Les voyages sont les romans les plus improbables. Ce livre recense les folles errances d’une cinquantaine d’artistes, de Sarah Bernhardt à Jeff Koons. On pourrait commencer par Serge Gainsbourg qui rejoint Jane Birkin, dans le sud de la France, sur le tournage de La Piscine. Il loue alors une Cadillac plus grosse que celle d’Alain Delon. Mais le symbole de cette rivalité masculine tournera court, quand il sera incapable de passer les ruelles de Saint-Tropez avec !
Autre histoire mythique : Hemingway en vadrouille qui oublie le manuscrit de son fameux Paris est une fête dans une malle au Ritz. On le retrouvera vingt-cinq ans plus tard. Bertil Scali, l’auteur de ces textes sensibles et documentés, s’est glissé ici ou là dans l’intimité de toutes ces légendes. Le voyage semble être finalement le reflet le plus éclatant de qui nous sommes. L’élection même de ce que nous emportons, nos bagages, est une lecture de nos priorités. Rien d’étonnant à ce que ce livre ait été magnifiquement illustré par Pierre Le-Tan, dont on se souvient des collaborations avec Modiano ; ce dernier étant capable de connaître les heures des trains passant en gare de Bordeaux en 1942.
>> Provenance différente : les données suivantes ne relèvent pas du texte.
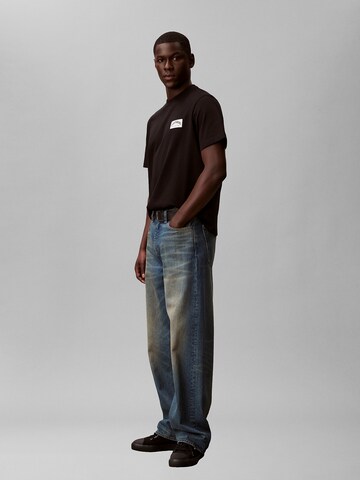 T-Shirt 'Varsity Badge' Calvin Klein Jeans en noir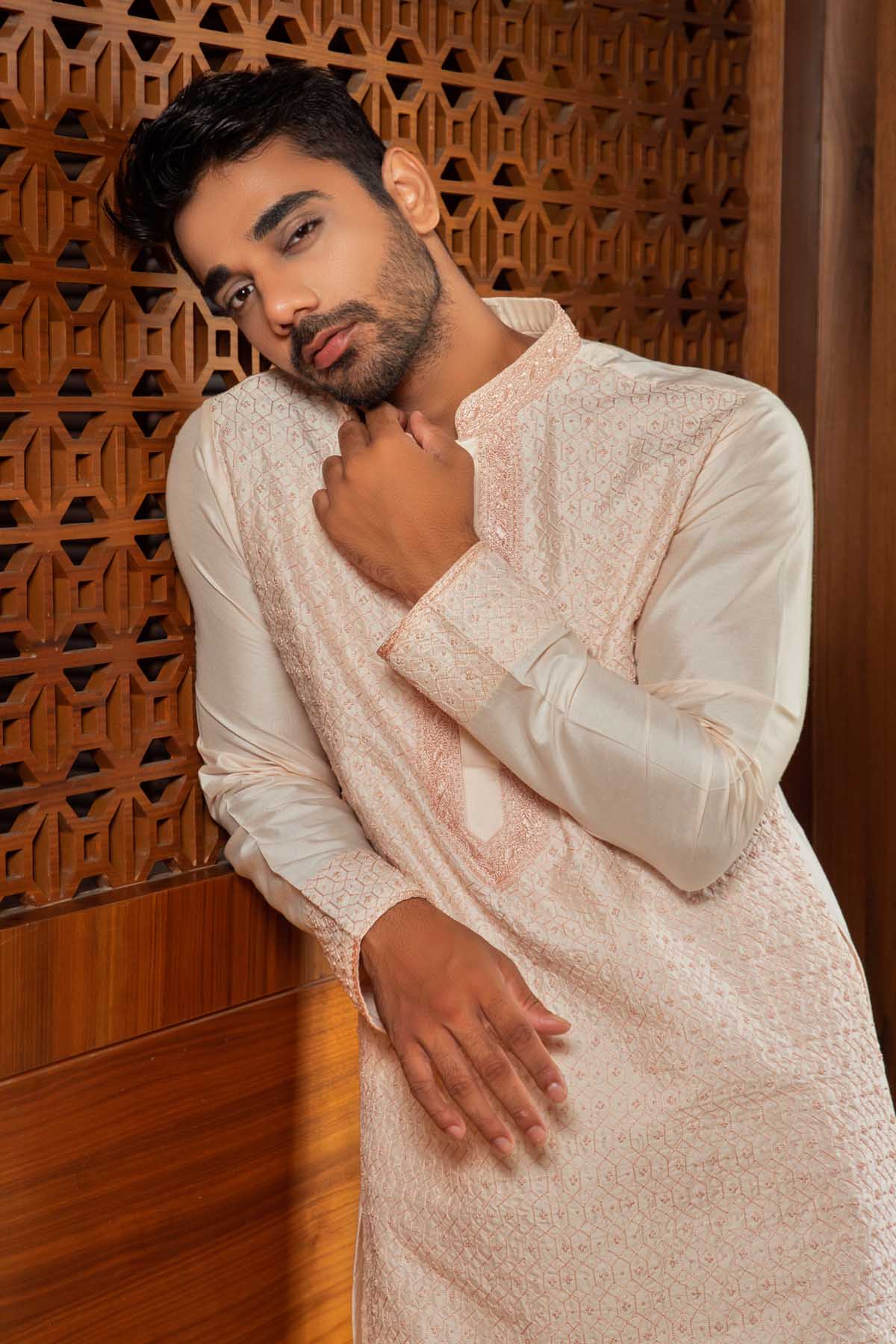 Jaal Embroidered Kurta Set
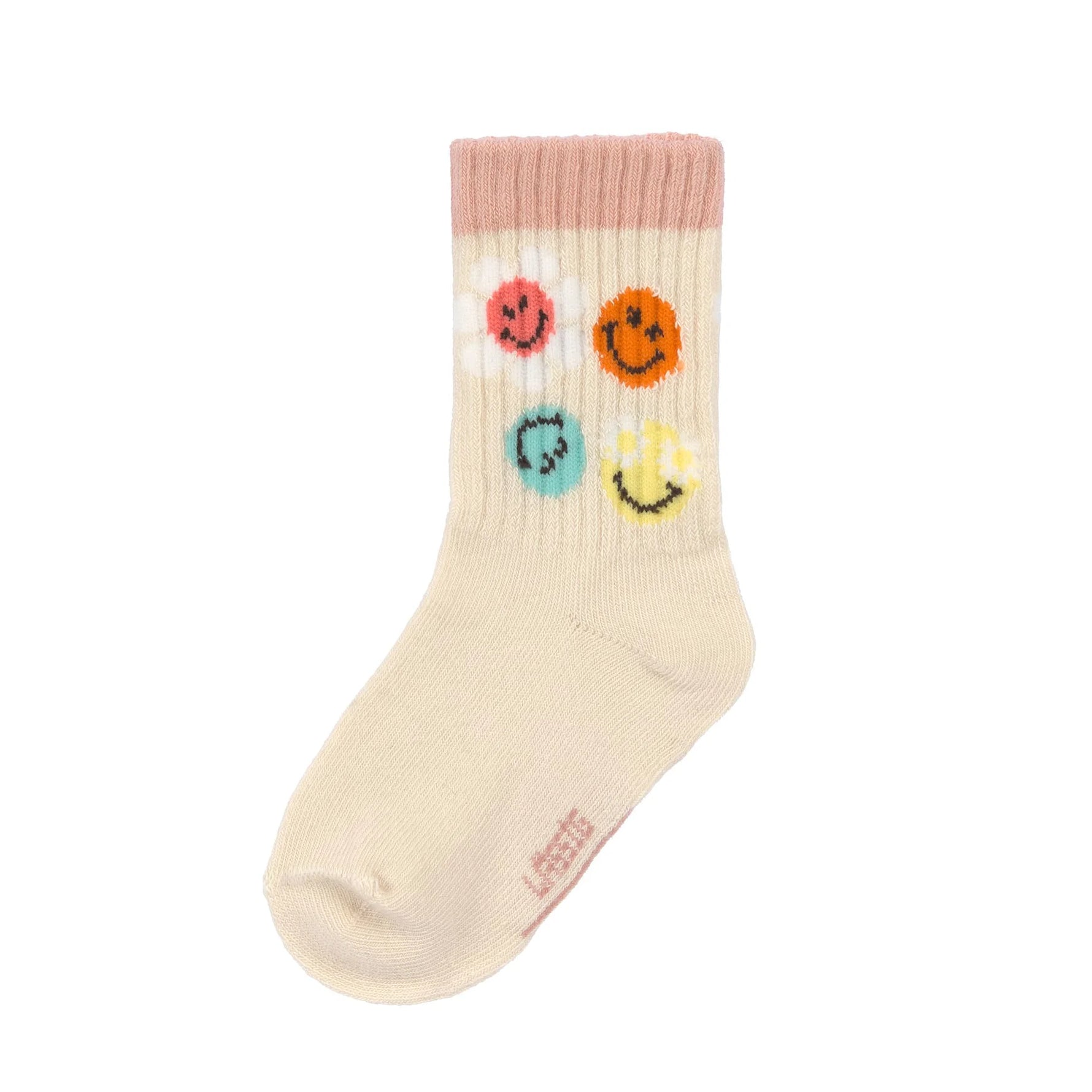 Die rosa Kindersocken aus der LÄSSIG x SmileyWorld® Kollektion machen jedes Outfit zum absoluten Hingucker. Die weichen Socken runden mit ihren fröhlich bunten Prints jeden Look ab.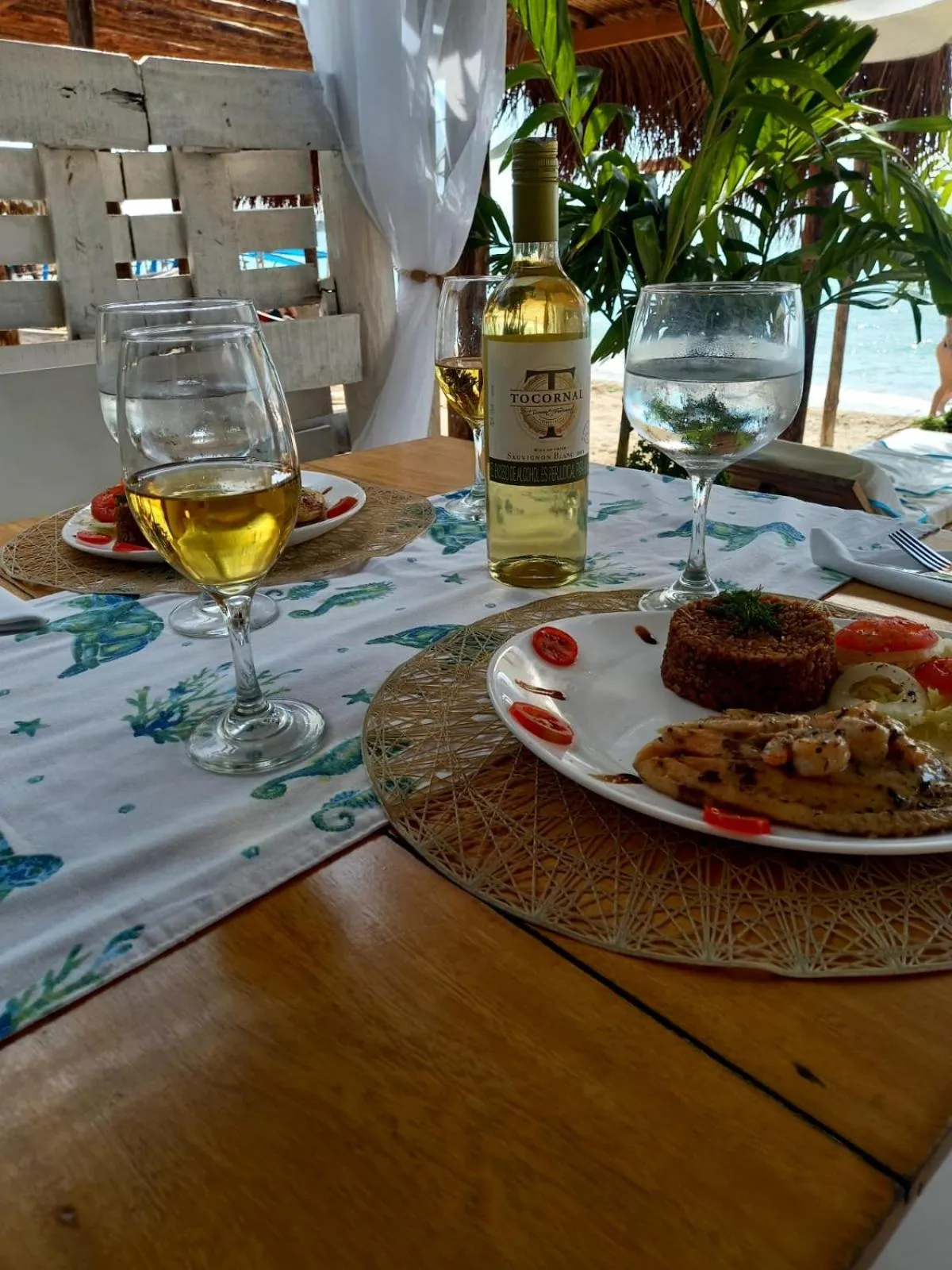 Restaurant/places to eat in Cristal Blue Barú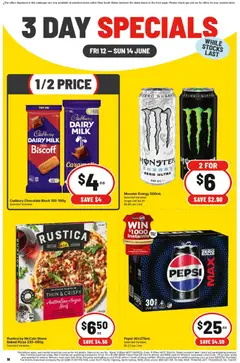 Preview of catalogue IGA 3 Day Specials NSW from shop IGA valid 12/06/2026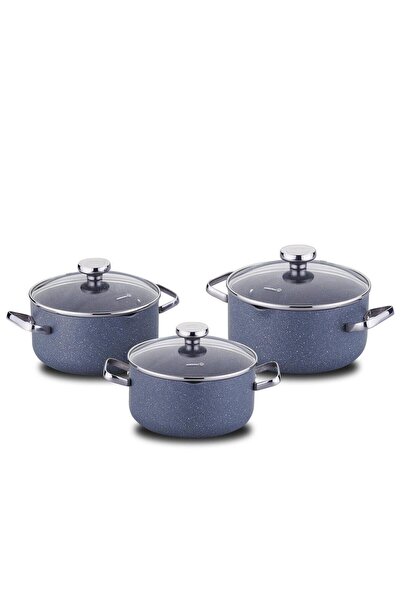 KORKMAZ Stona Jr. 6 Parça Tencere Seti A2863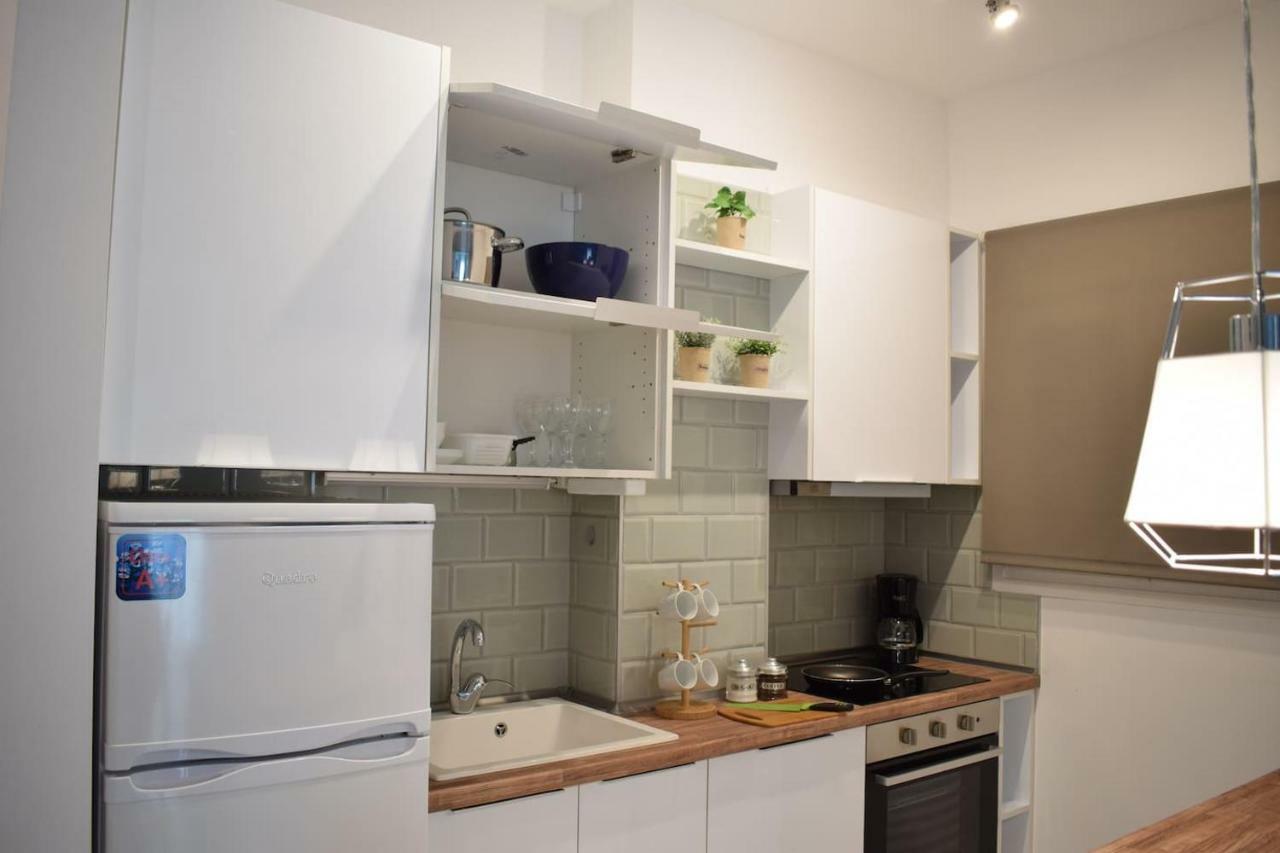 Central Luxury Apartment In Tesalonika Bagian luar foto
Tout artiste est traversé par cette folie de l’ailleurs, et c’est sûrement la meilleure façon de se fuir. On le ressent bien avec Keith Richards, toujours sur la route. Scali a cette superbe formule à propos du guitariste des Stones : “Il poursuit presque calmement sa trajectoire suicidaire, sans jamais mourir.” Cela doit être ça finalement. On ne meurt pas ailleurs, et même, on vit davantage. Les jours possèdent comme un goût de toujours. C’est donc une sorte d’éternité qu’on peut s’offrir à Noël avec ce si beau livre. D.F.
La note de L’Express : 17/20
Histoires de voyageurs. À bagages ouverts
par Bertil Scali, illustrations de Pierre Le-Tan. Thames & Hudson, 448 p., 85 €.